Green Tea Restaurant review
Written on the sign, as well as the menu, at the Green Tea Restaurant near Stony Brook University is this command: "Remember the taste of China!" While the call may be aimed at Asian-born students and faculty, it resonates with anyone who values authenticity in a cuisine that's been subject to much Americanization.
From the open kitchen comes the clang of woks and spatulas. On a busy night, animated conversations, some in Mandarin and Cantonese, compete with the cooking din. Quieter evenings, you may see some students simultaneously working their laptops and their chopsticks.
And, at times, their spoons. Worthy of yours is the soup called shrimp dumpling, a hearty spinach-chicken broth with a single, perfect shrimp dumpling at its emerald center. It may be hard to settle for hot and sour soup at other Chinese restaurants after the one here, a complex layering of flavors and textures.

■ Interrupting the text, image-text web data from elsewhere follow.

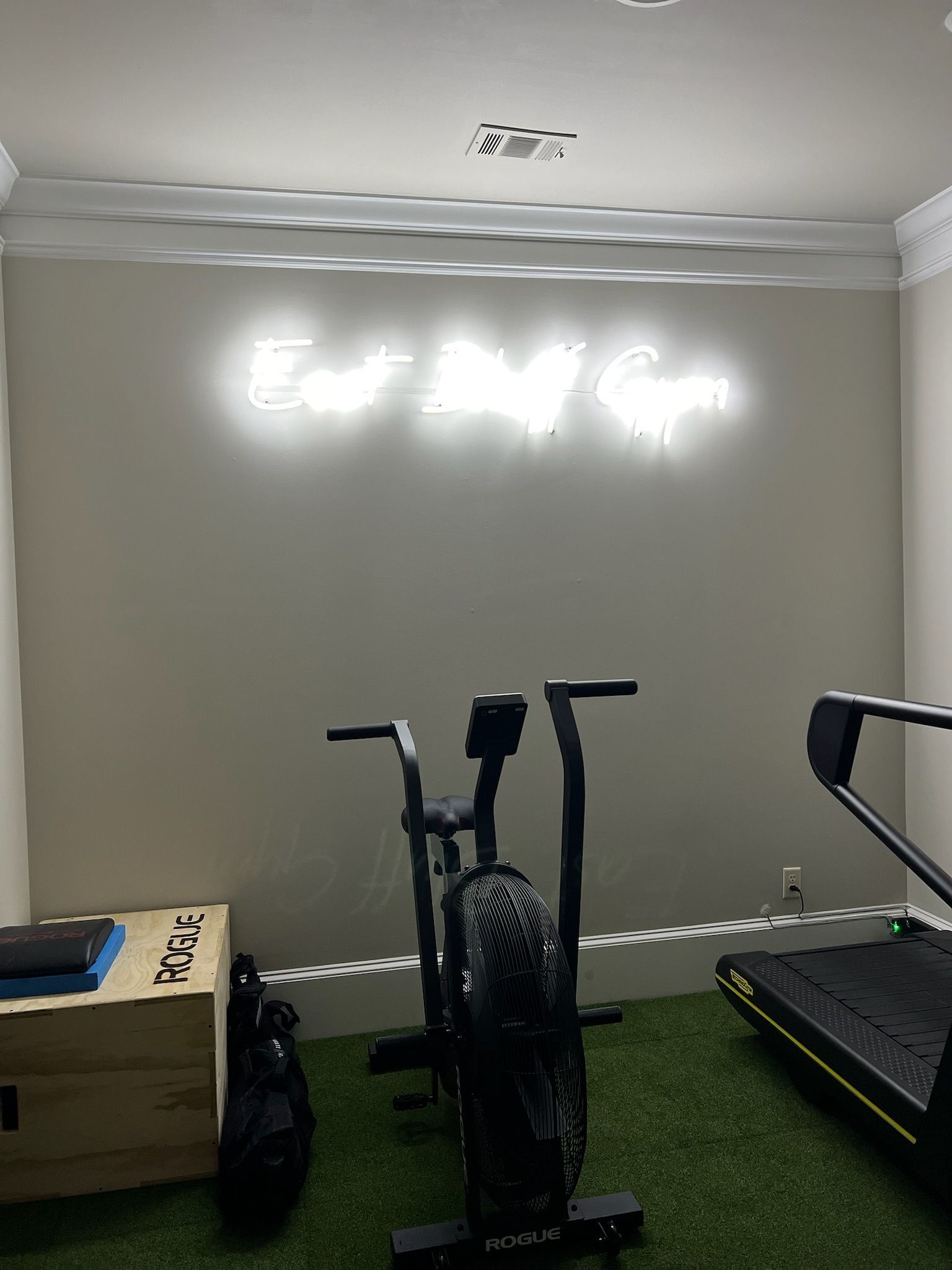 Indoor gym with an elliptical, treadmill, and wall mirror on a gray wall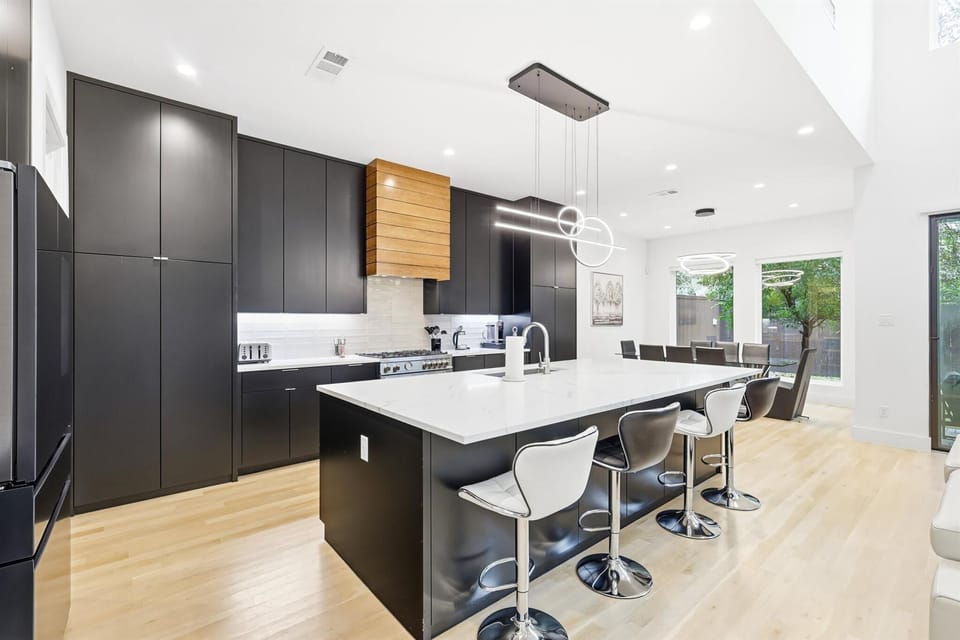 Designed with sleek cabinets and modern fixtures, this fully equipped kitchen offers the best of functionality and luxury with a center kitchen island and mini bar!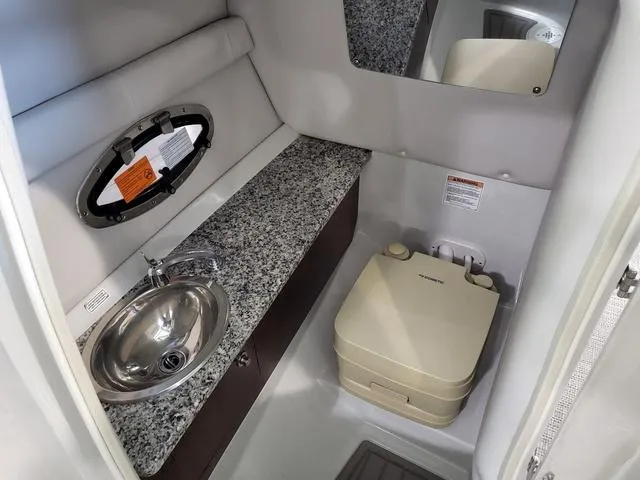 Slide: The Image of 2024 Crownline E260 XS boat interior with sink, granite countertop, and portable toilet. - 9
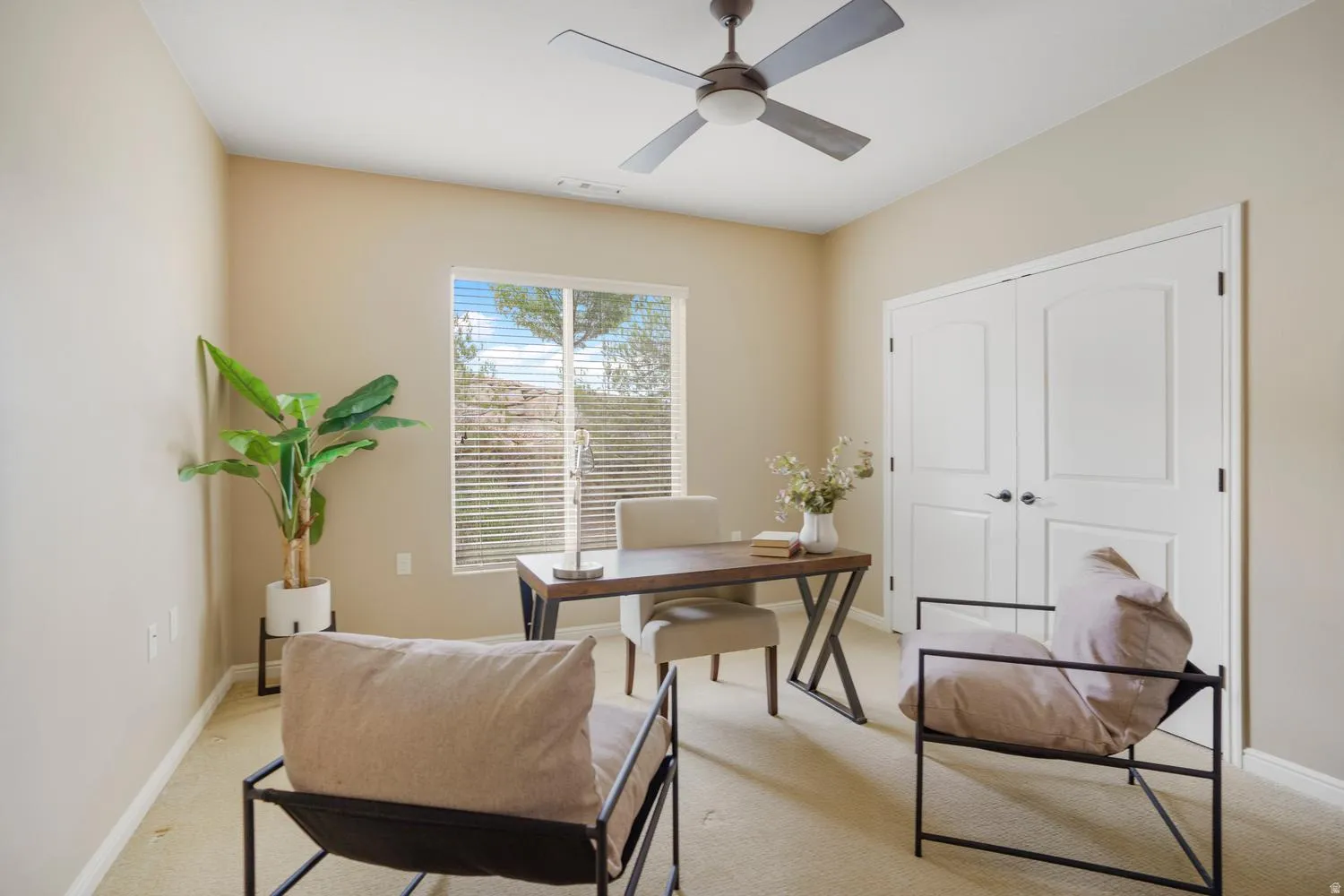 Recessed lighting, ceiling fan with integrated light, carpet flooring, window with horizontal blinds, and paneled double doors
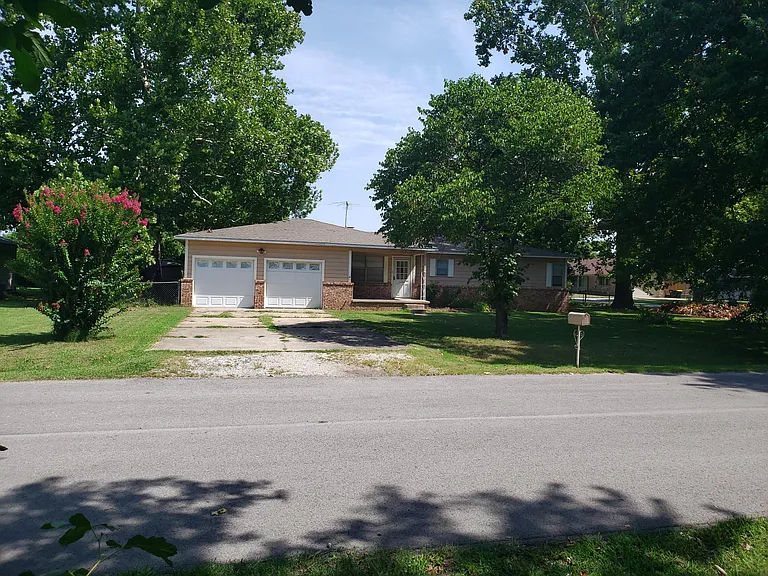 Two car garage with remotes.
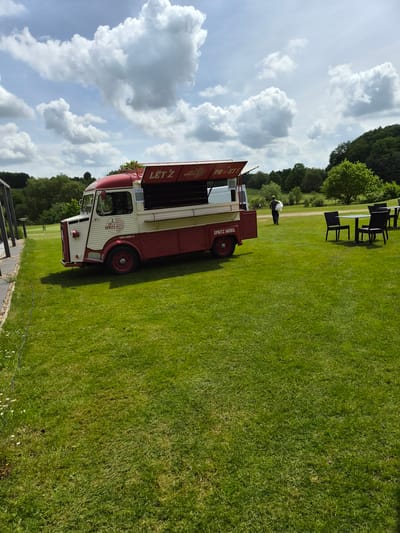 The image shows a white and red Citroen H van, likely converted into a mobile bar or food truck, parked on a grassy field. The van is marked with the name "LET'Z SPRITZ MOBIL", with the word "LET'Z" vertically stacked. A person is seen standing near tables and chairs set up on the grass, further back in the scene. The background includes green trees and a partly cloudy sky. The scene suggests a casual outdoor event. The location is Lenningen, Luxembourg.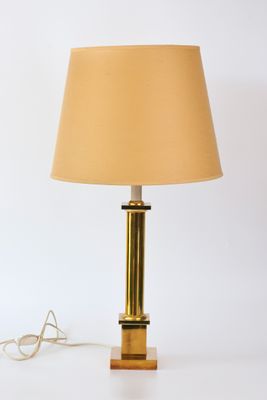 lampe de table en laiton avec un abat-jour beige sur fond blanc
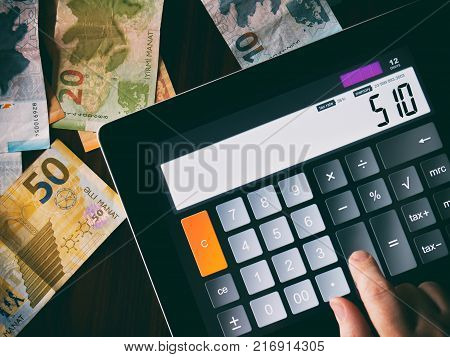 Counting money on a calculator, azerbaijan manat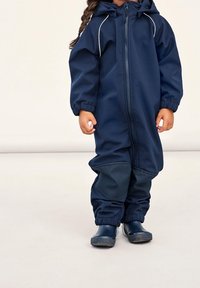 Name it NMNALFA SUIT SOLID UNISEX - Nepromokavý overal - dark sapphire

If you're looking for your old friend wonton soup, you'll find it as a main course, rife with delicate shrimp-pork dumplings and thin egg noodles. A presentation you'll either view as elegant or silly is the appetizer called curry seafood roll — two little seafood spring rolls served in a martini glass with apple slices.
A compelling main course is fisherman-style fish fillet — fried flounder tossed with a mix of chili peppers, garlic, cilantro, black beans and dried pork. Walnut shrimp with mayonnaise, a Cantonese classic, is beautifully rendered. The showstopper, though, is cumin tofu — crisp soy cubes coated with a velvety spice mixture — that can make your eyes fly open.
In comparison, Peking pork ribs, thin chops with a sweet-and-sour sauce coating, seem ordinary. And while the flavors resonate in the "yummy chicken casserole," the bubbling dish is overcooked, the bony little pieces of poultry difficult to manage. One night, kung pao chicken, requested extra-spicy, comes extra-mild, necessitating a kitchen correction. Just right: noodles with braised vegetables, a comforting combination of toothsome noodles, shiitake mushrooms and bok choy.
Know that dishes may be brought to you as ready, in random order. And, as of now, there's no dessert. Small drawbacks at a dining destination where it's possible to "remember the taste of China" — even if experiencing it for the very first time.